### Task instructions
Write every line below out again exactly, images omitted.

(Source data Opens)

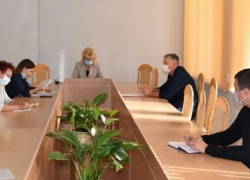 Администрация Камышина пишет о заседаниях своих важных  комиссий так, чтобы не написать ничего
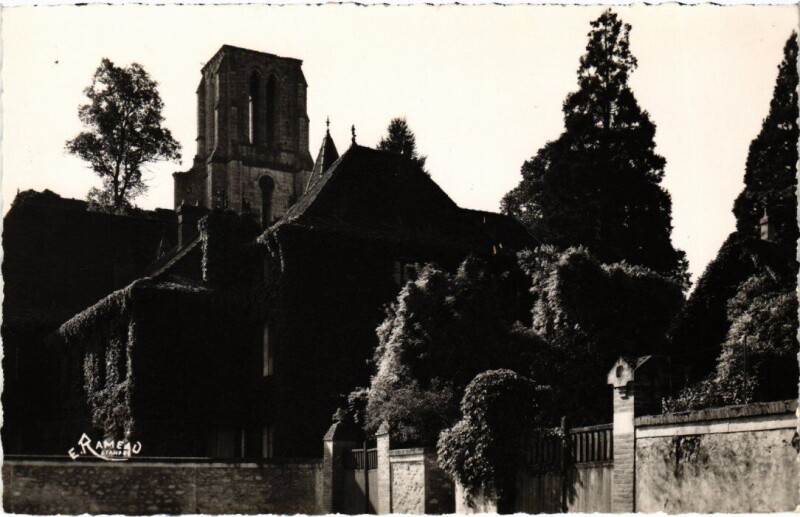 Carte postale ancienne Moulineux Le Chateau
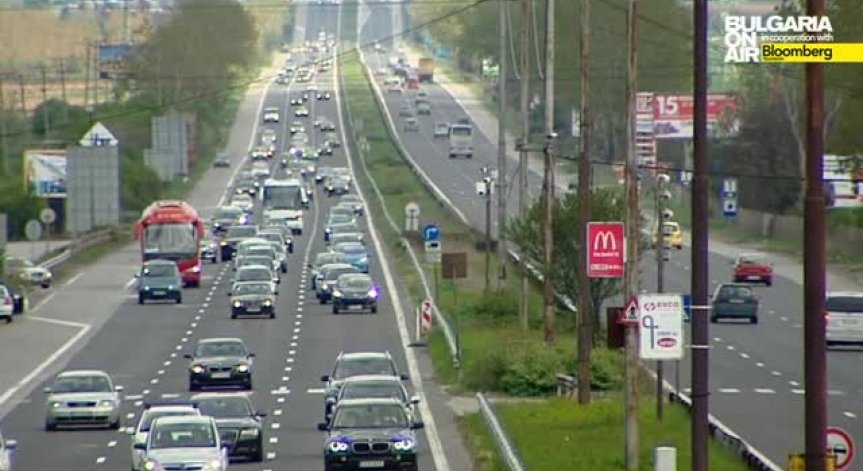 Реорганизация по пътищата заради празниците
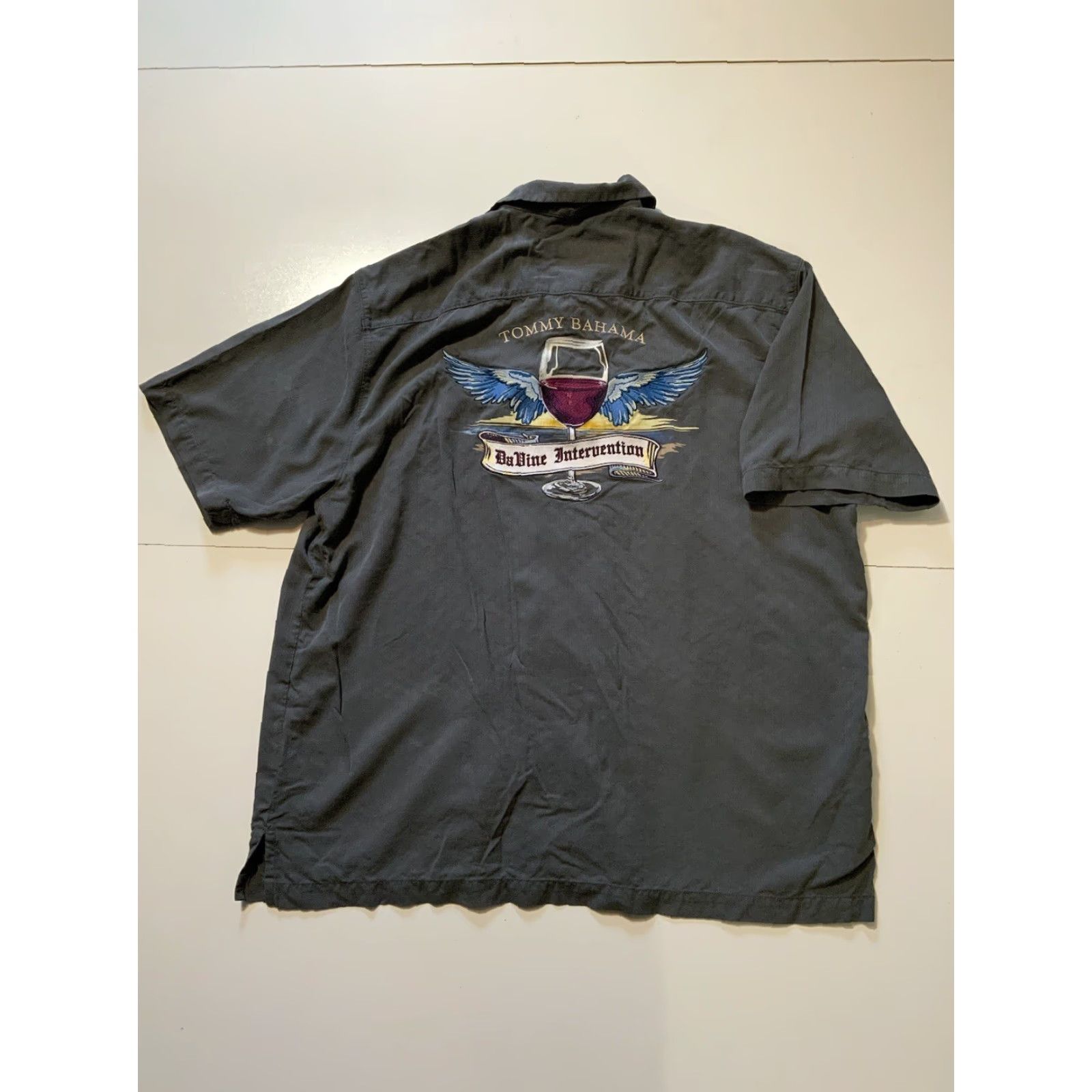 Tommy Bahama VINTAGE Tommy Bahama DaVine Intervention Wine Embroidered Silk Loop Collar Button Shirt Size US XL / EU 56 / 4 - 3 Thumbnail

(Source data Closes)

### Written answer
 Администрация Камышина пишет о заседаниях своих важных  комиссий так, чтобы не написать ничего
 Carte postale ancienne Moulineux Le Chateau
 Реорганизация по пътищата заради празниците
 Tommy Bahama VINTAGE Tommy Bahama DaVine Intervention Wine Embroidered Silk Loop Collar Button Shirt Size US XL / EU 56 / 4 - 3 Thumbnail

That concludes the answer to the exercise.